Improving accountability processes

Leadership advice given to the Munro Review (2)

For many people, concerns about accountability begin and end with one aspect of the subject: who will ‘carry the can’, especially when things go wrong? Pinning down accountability to the person accountable is what the public, media and politicians most want to know, and want to see carried through. Lord Laming viewed this issue of accountability as critical to future ongoing effectiveness, so an attempt was made to clarify and simplify the issue. The Munro Review is sympathetic with Lord Laming’s reform on this point, being minded to continue with the principle whereby a local authority’s Director of Children’s Services (DCS) holds the key accountability for child protection services within the local authority.

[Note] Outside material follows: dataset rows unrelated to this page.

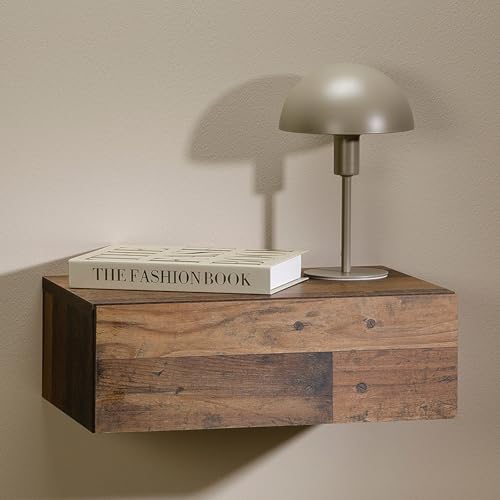 CARO-Möbel Hängender Nachttisch Anne mit Schublade in Old Style Optik - griffloses öffnen & platzsparend durch Wandmontage, robuste Spanplatte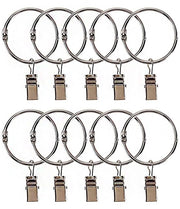 Giradischi per tende - Tendine robuste - Clip robusti - Acciaio inox - Argento - Acciaio inox - Per tende pesanti - Set da 40 pezzi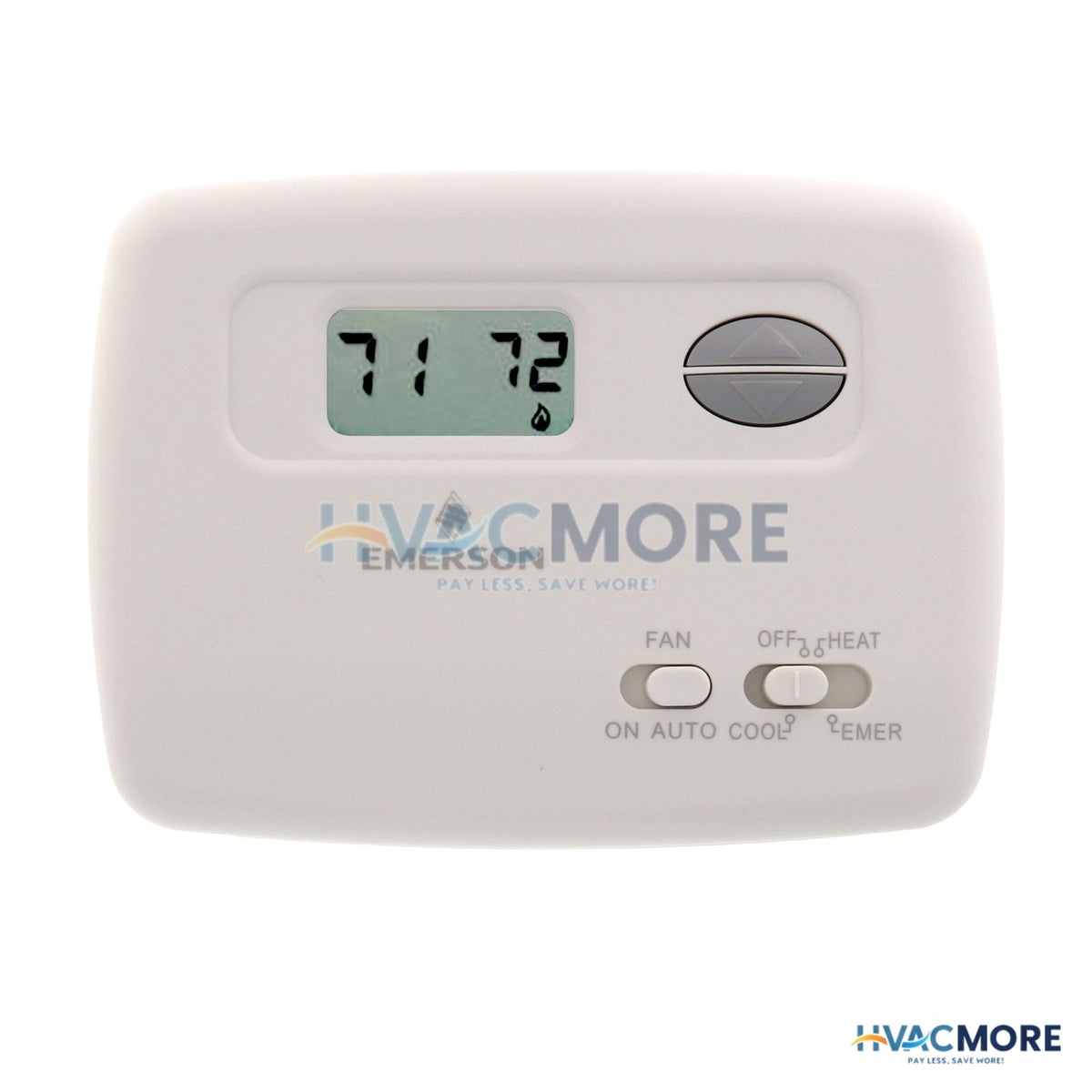 White Rodgers Non-Programmable Thermostat, Backlit Display, Horiz. (24V) 1F79-111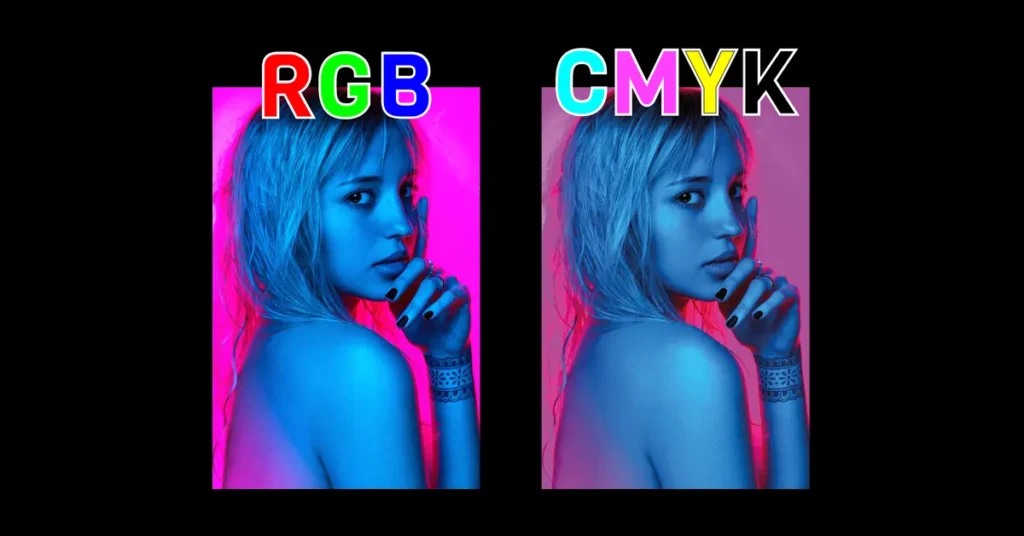 Comparación de conversión de colores de RGB a CMYK en Adobe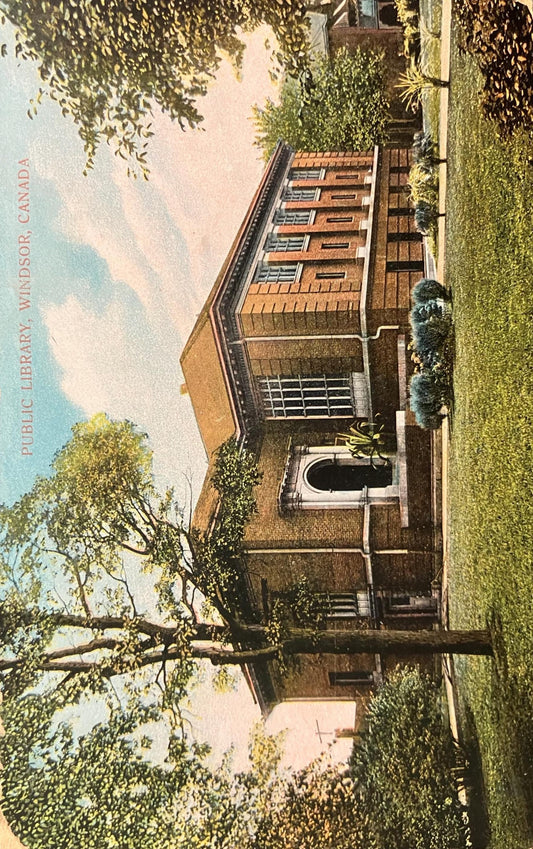 Public Library - Windsor, Canada - Printed in Germany - 1920 Postcard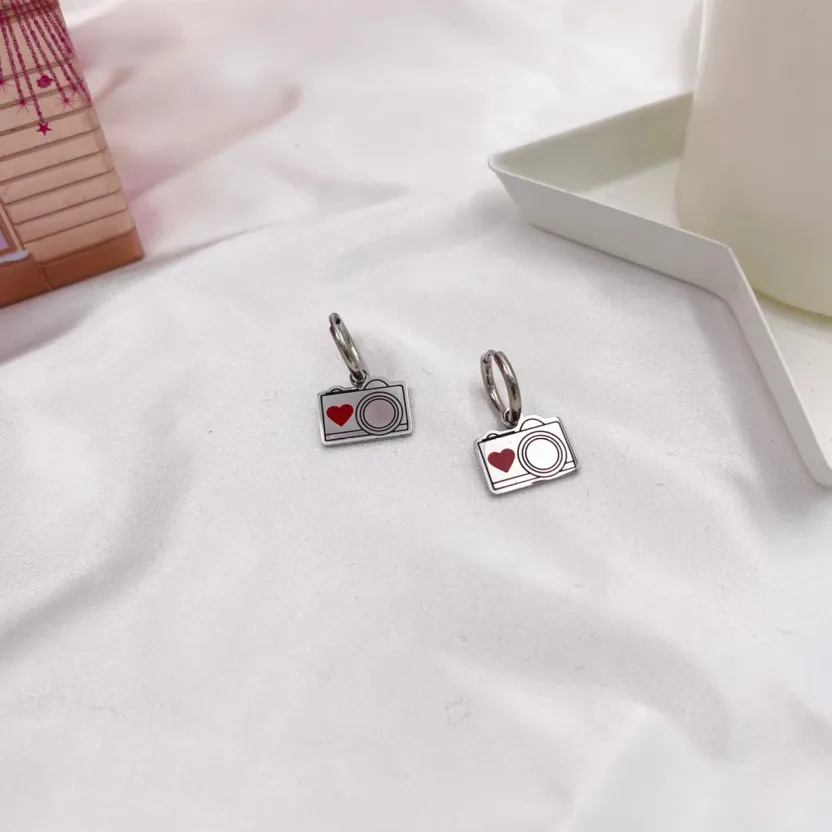 Camera Smaltata-Orecchini in Acciaio - OAP413-805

Judging from Haringey DCS Sharon Shoesmith’s dismissal being required by the minister, there appears to be an ultimate de facto accountability of the DCS (or the local authority) to the minister, including for actions and failings that are the responsibility of other multi-agency partners acting with the local authority in the borough; the legal basis for this is unclear and doesn’t seem to fall under the Children Act 2004 or subsequent DfES guidance. Lord Laming’s wish to concentrate professional accountability may possibly have influenced this; so some clarification of the terms of accountability to ministers may be useful.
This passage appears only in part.